Tencent Holdings Ltd. slumped after a world-beating surge in the stock pushed its market value to the cusp of US$1 trillion ($1.33 trillion) for the first time.
The Chinese Internet behemoth lost as much as 5.5% in Hong Kong on Tuesday, putting its market capitalization below US$900 billion. Traders took profit after Monday’s 11% surge, which was Tencent’s biggest in almost a decade. Adding caution were comments by an advisor to China’s central bank to local media indicating that excessive liquidity and ultra-low borrowing costs were creating bubbles in the stock market.
The prospect that China will tighten funding conditions threatens to derail Tencent’s stock rally, which has been underpinned by a relentless flow of capital from the mainland. Onshore funds purchased a record amount of Hong Kong shares this month, with about a quarter of that targeting Tencent. As more than a billion people use its WeChat social-media platform, Tencent is ubiquitous to Chinese investors who have no access Hong Kong shares of rival Alibaba Group Holding Ltd. through the stock links.
Tencent was the most recent mega-cap company to benefit from investor enthusiasm for the tech sector, with its looming milestone a marker for the euphoria sweeping the stocks globally. Before Tuesday, the stock had added US$251 billion in January alone -- by far the biggest creation of shareholder wealth worldwide. Warnings are rising that easy monetary policy is fueling bubbles in global equities, especially in the US, where gains have been led by the Nasdaq.
As investors seek cheaper alternatives, they’ve been piling into Hong Kong equities. That’s helped make the Hang Seng China Enterprises Index the best performing among the world’s major benchmarks in the past month.
While Tencent has long been an investor favourite in Asia, returning more than 100,000% since its 2004 initial public offering, there are other risks to the rally.
In 2018, a government crackdown on China’s online gaming industry squeezed Tencent’s most profitable business, which at the time accounted for about 40% of its revenue. Coupled with a slowing Chinese economy and a weakening yuan, Beijing’s nine-month halt on approvals for new games contributed to a 22% slump in the shares.
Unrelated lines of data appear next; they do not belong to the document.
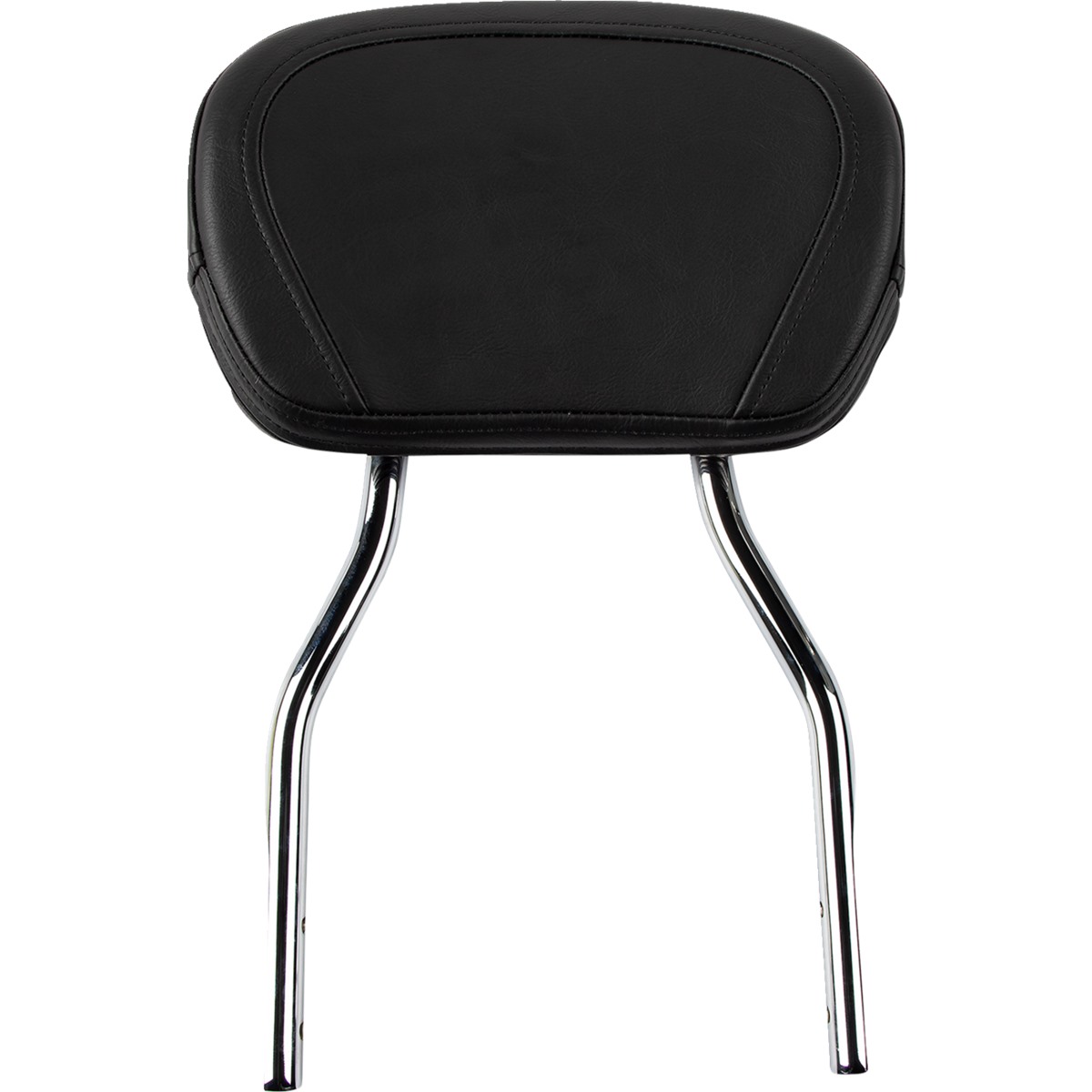 Round Sissy Bar Kit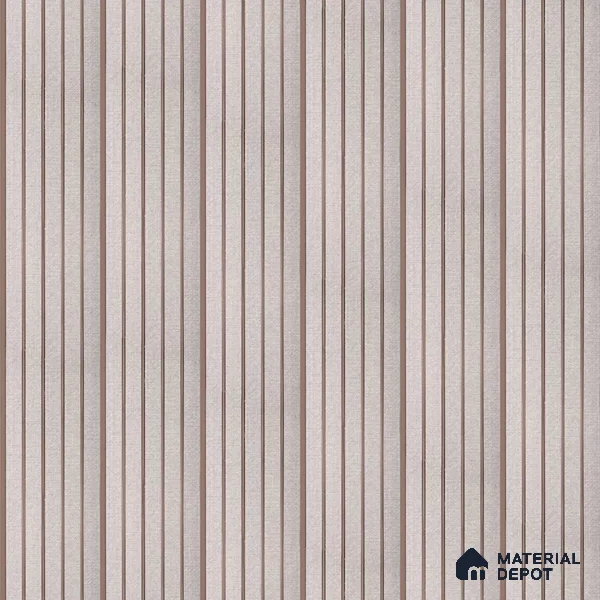 Light Grey Fabric Look PN 06936 8 ft x 6 inch Charcoal Panel - 6 mm | Suitable for Living Room, Bedroom & TV Cabinet | Width is Subjected to 5% Variation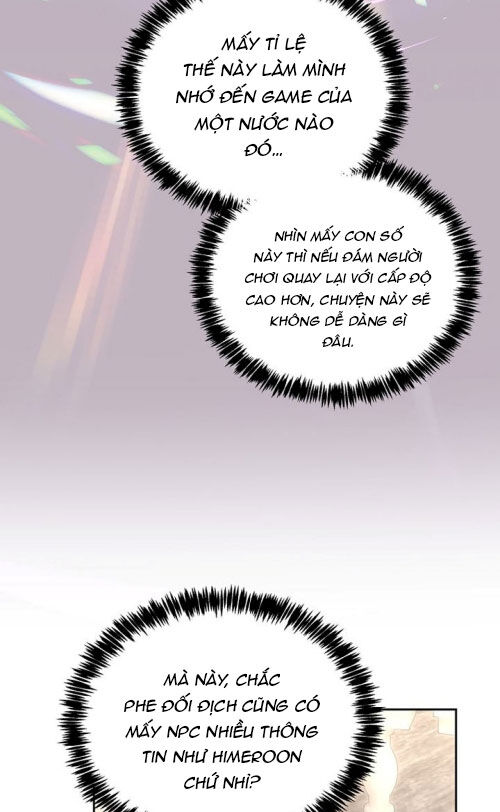 Mắc Kẹt Trong Tòa Tháp Thử Thách - Chapter 115 - Page 37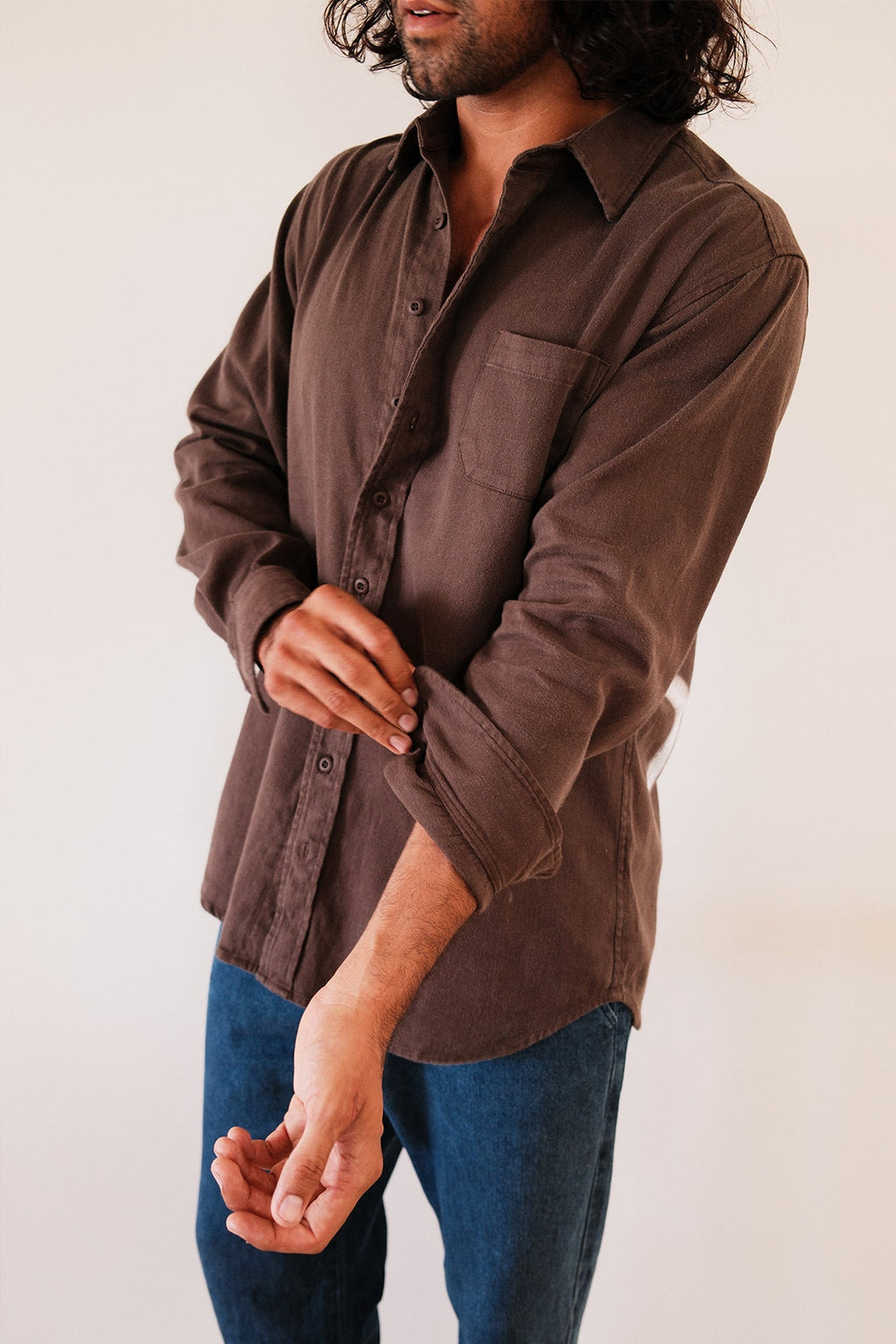 Alder shirt
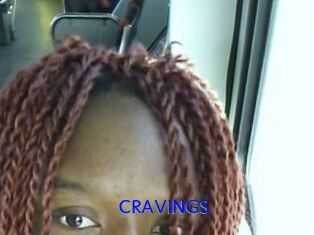 CRAVINGS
A campaign against monopolistic practices since late last year has targeted many of the industries in which Tencent and rival Alibaba operate, including the online payments industry. But while increasing regulatory risk has left Alibaba’s shares about 16% lower than their October peak, Tencent has closed at seven fresh records in the past eight sessions. One factor contributing to the divergence: Alibaba’s Hong Kong stock is not included in trading links with mainland exchanges.
Tencent would be the second Chinese firm to join the trillion-dollar club after PetroChina Co., which was briefly worth more than that in late 2007 before collapsing in value. US tech giants Apple Inc., Amazon.com Inc., Alphabet Inc. and Microsoft Corp. are also worth more than US$1 trillion each, as is Saudi Arabian Oil Co.
Tencent was founded in 1998 by four college classmates and a friend from Shenzhen who devised a Chinese version of the instant messaging service ICQ. Led by “Pony” Ma Huateng -- ma is Chinese for “horse” -- the company’s chat software became the primary communication tool for a generation of young Chinese.
Still, Tencent’s surge has outpaced all but the most bullish analysts’ forecasts. The stock’s closing level of HK$766.50 ($131.20) on Monday was almost 10% higher than the consensus 12-month price target compiled by Bloomberg, the widest gap since 2014.